A Short History of Data Protection

Data protection has been a key feature of computer systems since the first commercial computers entered production in 1951. For at least two decades, backup and recovery of data was a bespoke solution implemented by systems programmers, rather than a product which could be bought and installed on the system.

Part of the challenge for system operators at that time was the lack of suitable offline media. UNISERVO, a tape system based on heavy steel tape, was introduced for the UNIVAC I in 1951. IBM introduced its first tape solution, the IBM 726, with the IBM 701 in 1952. Reel-to-Reel tape persisted as the standard medium, based on magnetic coated film, until the mid-1980s, with the introduction of the IBM 3480 tape cartridge.

On the IBM mainframe, Hierarchical Storage Manager was introduced by IBM on the MVS operating system and System/370 platform in 1977. Version 2 was renamed DFHSM (Data Facility Hierarchical Storage Manager) and eventually DFSMShsm with the introduction of system-managed storage and the Storage Management Subsystem (DFSMS) in the late 1980s.

Elsewhere, Unix systems generally relied on native commands, including tar, introduced in Unix Version 7 in 1979. The tar utility was preceded by tp and tap commands. Other utilities such as cp and cpio offered the capability to transfer data to and from tape.

Many of the data protection solutions we know today had origins in bespoke or custom software tools. BackupExec derived from tape streaming software developed by Maynard Electronics in 1982. Netbackup was first used to protect data on SGI IRIX systems. Dell Networker, part of the Dell Technologies Data Protection Suite, was originally developed by Legato Systems, Inc and released in 1990. EMC Corporation acquired Legato in 2002, being subsequently acquired itself by Dell in 2016. Arcserve was originally developed by Cheyenne in 1990.

Single & Multi-Machine

We can divide the history of commercial data protection solutions into two parts. There are software products which are designed as a single-machine solution and those designed for multi-machine environments.

Single-machine solutions typically run on one server and protect the data for that machine, using local media (or increasingly, the public cloud). These products co-exist with the application or applications running on the server.

Multi-machine solutions offer more enterprise-class capabilities and protect many individual physical or virtual machines. They generally run on dedicated infrastructure, either one or more physical servers or virtual instances. Multi-machine solutions are designed to support large-scale computing environments where a key requirement is to scale out the data protection process for both backup and restore.

Backup Appliances

The appliance model has been a popular choice for smaller organisations looking to implement data protection without needing significant investment in skills and resources. There have been two forms of backup appliances over the last two decades. The initial set of solutions acted purely as secondary data stores, optimised for the long-term retention of backup data. This category includes, for example, deduplicating appliances and virtual tape libraries (VTLs). The second option incorporates data protection software into the appliance itself.

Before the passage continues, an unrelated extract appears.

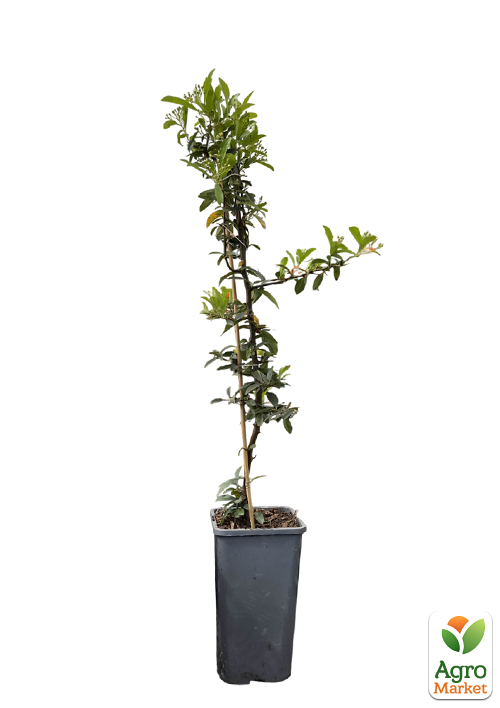 Пираканта "Orange Glow" 3-х летняя (высота 60-80см) - фото 2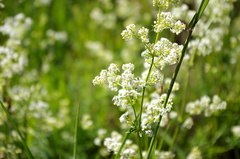 Galium mollugo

Rather than deploy software onto a hardware or virtual instance configuration, the appliance comes pre-installed with vendor backup software designed to work with the appliance capabilities. Typically, the appliance configuration is managed by the vendor and updated automatically or through a scheduled approach.

The customer benefits from a backup appliance as there are few skills (or time and effort) required to manage the infrastructure. In geographically dispersed businesses, this has particular benefit by removing the requirement for on-site trained staff. Most appliances can be managed remotely.

SaaS

Over the last decade, data protection has evolved from the bespoke software and appliance models to software-as-a-service. In this option, data protection is delivered either from managed service provider infrastructure or as an application running in the public cloud. The customer does not need to install any on-site equipment, although network bandwidth in and out of the customer’s data centre becomes a factor.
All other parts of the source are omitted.